Effect of promoters on the HDS activity of alumina-supported Co–Mo sulfide catalysts

Abstract

A series of CoMo/δ-Al₂O₃ catalysts promoted by different organic and inorganic cobalt salts were successfully prepared using low-cost δ-Al₂O₃ as a support through a two-step incipient-wetness impregnation method. The obtained catalysts were indicated as MoCo-N/δ, MoCo-S/δ, MoCo-A/δ and MoCo-D/δ, in which N, S, A, D, and δ represent cobalt nitrate, cobalt sulfate, cobalt acetate, cobalt diacetylmethane, and δ-Al₂O₃, respectively. The as-synthesized catalysts were introduced to the hydrodesulfurization (HDS) process of fluid catalytic cracking (FCC) diesel, in a fixed-bed reactor. The oxidized catalysts and the corresponding sulfurized catalysts for HDS were characterized by UV-vis, Raman, X-ray diffraction, TPR, and XPS techniques.
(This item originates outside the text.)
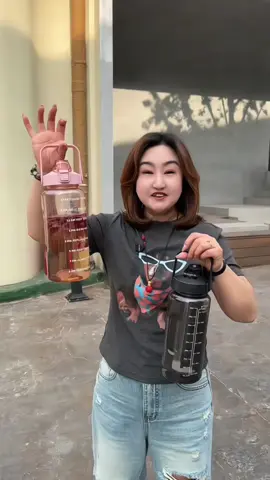 Bình nước thể thao ngoài trời 2 lít cho người lười uống nước #binhnuoc2lit #binhnuoc #binhnuocthethao #binhnuocchiavach2lit 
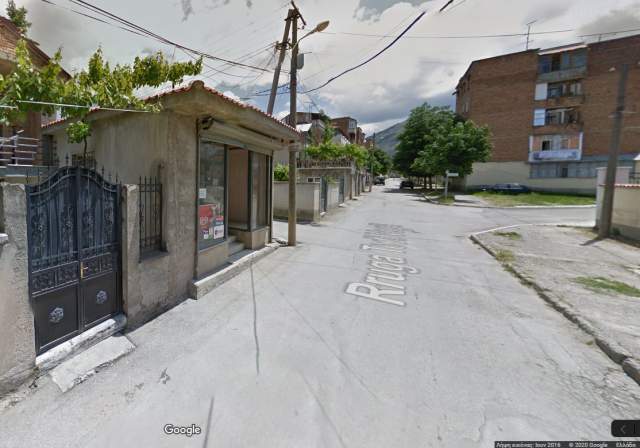 Korce, jap me qera dyqan Kati 0, 50 m² 15.000 Leke (Rruga Todi Vogli)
The catalytic activities followed the order of MoCo-A/δ < MoCo-N/δ < MoCo-D/δ < MoCo-S/δ. These catalytic results could be ascribed to the introduction of different cobalt salts decreasing the metal-support interaction (MSI), and led to the formation of easily reduced Mo species, which were the precursors to form more active sites that could enhance the HDS activity of the catalysts. The highest activity shown by the MoCo-S/δ catalyst could be ascribed to its (1) higher metal dispersion, (2) lower Mo reduction temperature, and (3) higher sulfurization degree. As a result, the excellent catalytic performance could be attributed to its outstanding promoter effect.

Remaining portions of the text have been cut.